Simons gaf aan dat Wijdenbosch dé persoon is geweest die haar eerste stap heeft begeleid in het werk dat ze vele jaren heeft gedaan. Zij werd in 1996 door het gewezen staatshoofd benaderd om haar diensten te verlenen in De Nationale Assemblee (DNA) en wel voor de NDP waar ze mee sympathiseerde, maar niet in de structurem betrokken was. “Dat deed hij na een optreden van mij in verband met mijn eigen werk als arts. En hij dacht dat ik dan een goede job zou kunnen doen. Zo is hij de persoon geweest die dus mijn eerste stap heeft begeleid naar het werk dat ik al die jaren heb gedaan en waarmee ik nu nog bezig ben.”
Volgens de NDP–voorzitter heeft het oud-staatshoofd veel geschreven en veel gegeven. Simons: “En tot in zijn laatste jaren kon hij gesprekken voeren en was hij inderdaad bezig met politiek. Hij heeft het nooit gelaten. Hij heeft ons een heleboel bijgeleerd. Omdat je natuurlijk naast zelf zoveel ervaring en niet allemaal plezierige ervaringen, anderen behoorlijk van advies kan dienen.”
De politica noemde Wijdenbosch een bijzondere man, met een vrolijke onderliggende houding en die van grappen hield. Zij herinnert zich het gewezen staatshoofd ook als iemand die altijd bezig was te bespreken, schrijven en met anderen in overleg treden over wat hij wilde doen, ook als president. Volgens Simons heeft Wijdenbosch bij het opstellen van het verkiezingsprogramma van 1996 nationaal veel groepen gesproken voordat hij het document met zijn partij verder heeft opgesteld. “Het was een bijzondere gebeurtenis, in feite heb ik het daarna nooit meer meegemaakt zoals toen Jules het deed.”

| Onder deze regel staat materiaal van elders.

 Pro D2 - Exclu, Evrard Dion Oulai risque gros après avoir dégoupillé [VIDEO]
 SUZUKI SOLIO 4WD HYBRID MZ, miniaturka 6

Wijdenbosch werd in 1996 op de jaardag van Simons, 5 september, in de Verenigde Volksvergadering (VVV) gekozen tot president van Suriname. “Als president was hij letterlijk altijd met zijn fractie in DNA bezig”, zo herinnert Simons zich. Ze gaf als voorbeeld aan dat de president van mening was dat de leden van zijn fractie letterlijk elke pagina van het Meerjarenontwikkelingsplan met hem moesten doornemen. Indien zij het met iets niet eens waren of vragen hadden, konden ze dat met hem bespreken. “Het was, terugkijkend, wel degelijk bijzonder en dagen achter elkaar hebben we toen met hem gezeten om dat te doen.”
Simons vertelde dat zij zich het afgelopen jaar voor bezoek in het binnenland, op Asidonhopo, bevond, toen de NDP–delegatie het nieuws bereikte dat het gewezen staatshoofd op sterven lag. De delegatie had de keus om verder te gaan met het bezoek of terugkeren naar de stad. Simons: “Terug in Paramaribo was het geen afscheid, maar een apart en bijzonder wederzien, waar hijzelf ook bijzonder gelukkig over was.” De NDP–voorzitter condoleerde de familie, vrienden, kennissen en de Surinaamse samenleving en benadrukte dat het streven van Wijdenbosch moet worden voortgezet.